▶ [Image-caption web data]
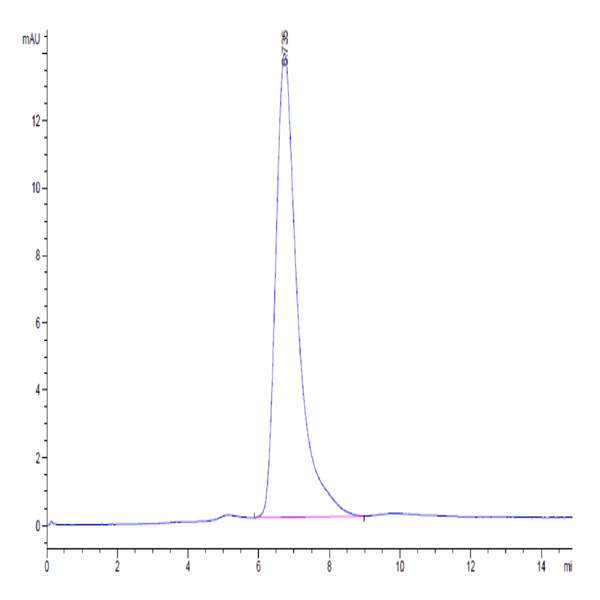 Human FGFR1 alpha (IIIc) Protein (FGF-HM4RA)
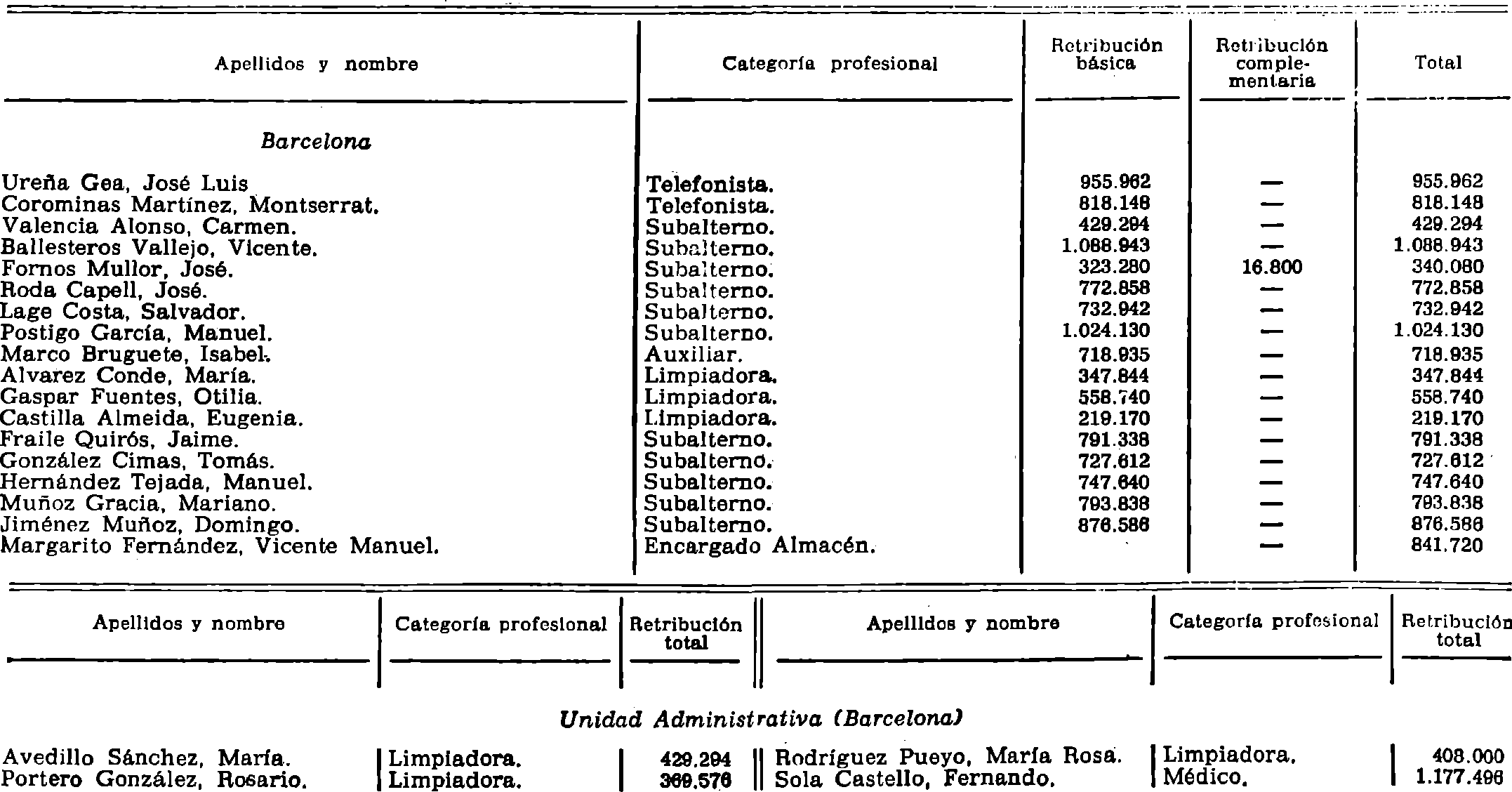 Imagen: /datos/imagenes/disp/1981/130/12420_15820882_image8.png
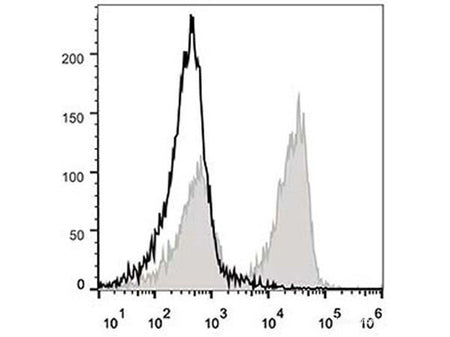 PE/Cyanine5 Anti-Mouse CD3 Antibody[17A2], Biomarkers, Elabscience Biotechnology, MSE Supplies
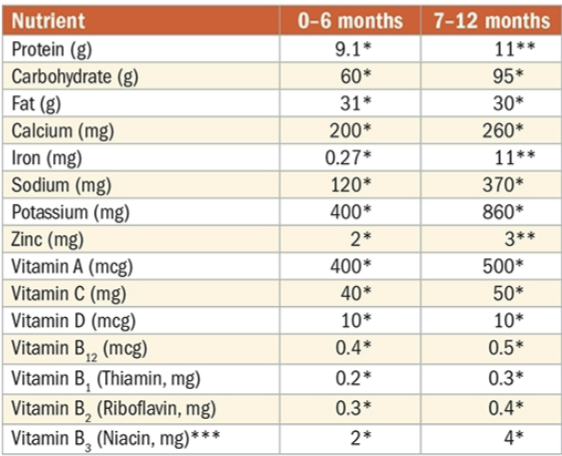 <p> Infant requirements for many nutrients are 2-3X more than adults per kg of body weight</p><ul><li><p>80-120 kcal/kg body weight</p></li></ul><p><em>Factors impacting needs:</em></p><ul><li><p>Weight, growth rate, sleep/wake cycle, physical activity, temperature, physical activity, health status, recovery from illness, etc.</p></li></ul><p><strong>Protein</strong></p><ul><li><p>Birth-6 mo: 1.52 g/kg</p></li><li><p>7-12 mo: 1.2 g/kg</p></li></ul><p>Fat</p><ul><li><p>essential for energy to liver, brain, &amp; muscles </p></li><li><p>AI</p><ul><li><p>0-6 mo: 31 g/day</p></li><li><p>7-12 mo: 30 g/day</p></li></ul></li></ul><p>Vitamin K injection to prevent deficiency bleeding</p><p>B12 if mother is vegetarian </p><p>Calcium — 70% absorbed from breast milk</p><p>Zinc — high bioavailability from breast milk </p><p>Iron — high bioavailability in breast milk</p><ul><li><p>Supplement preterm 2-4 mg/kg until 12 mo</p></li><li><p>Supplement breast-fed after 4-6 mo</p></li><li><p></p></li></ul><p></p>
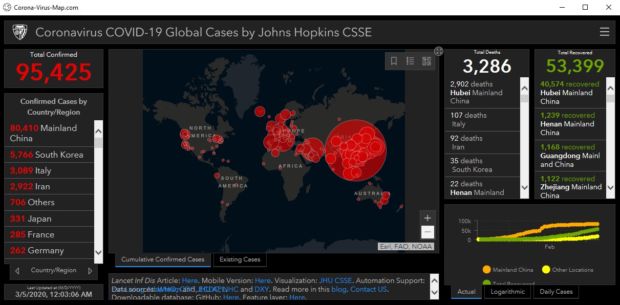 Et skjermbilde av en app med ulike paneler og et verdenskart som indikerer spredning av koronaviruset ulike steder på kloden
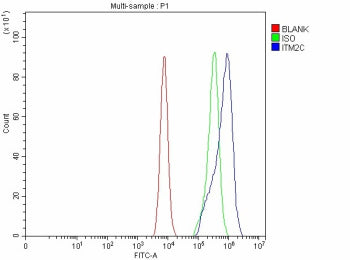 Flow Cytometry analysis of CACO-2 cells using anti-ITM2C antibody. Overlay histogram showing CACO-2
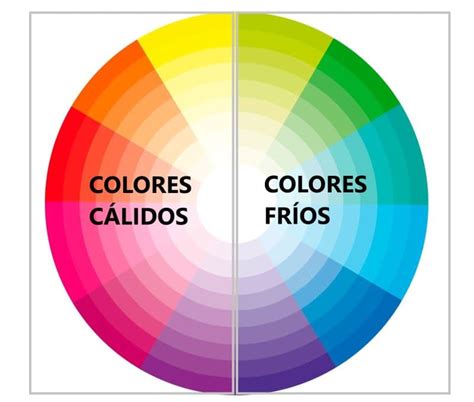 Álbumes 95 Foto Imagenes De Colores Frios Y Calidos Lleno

▶ [WORK ITEM] Your answer must be the lines above from the one holding "Imagen: /datos/imagenes/disp/1981/130/12420_15820882_image8.png" up to and including the one holding "PE/Cyanine5 Anti-Mouse CD3", exact and with no pictures.

▶ [SOLUTION TO THIS EXERCISE]
 Imagen: /datos/imagenes/disp/1981/130/12420_15820882_image8.png
 PE/Cyanine5 Anti-Mouse CD3 Antibody[17A2], Biomarkers, Elabscience Biotechnology, MSE Supplies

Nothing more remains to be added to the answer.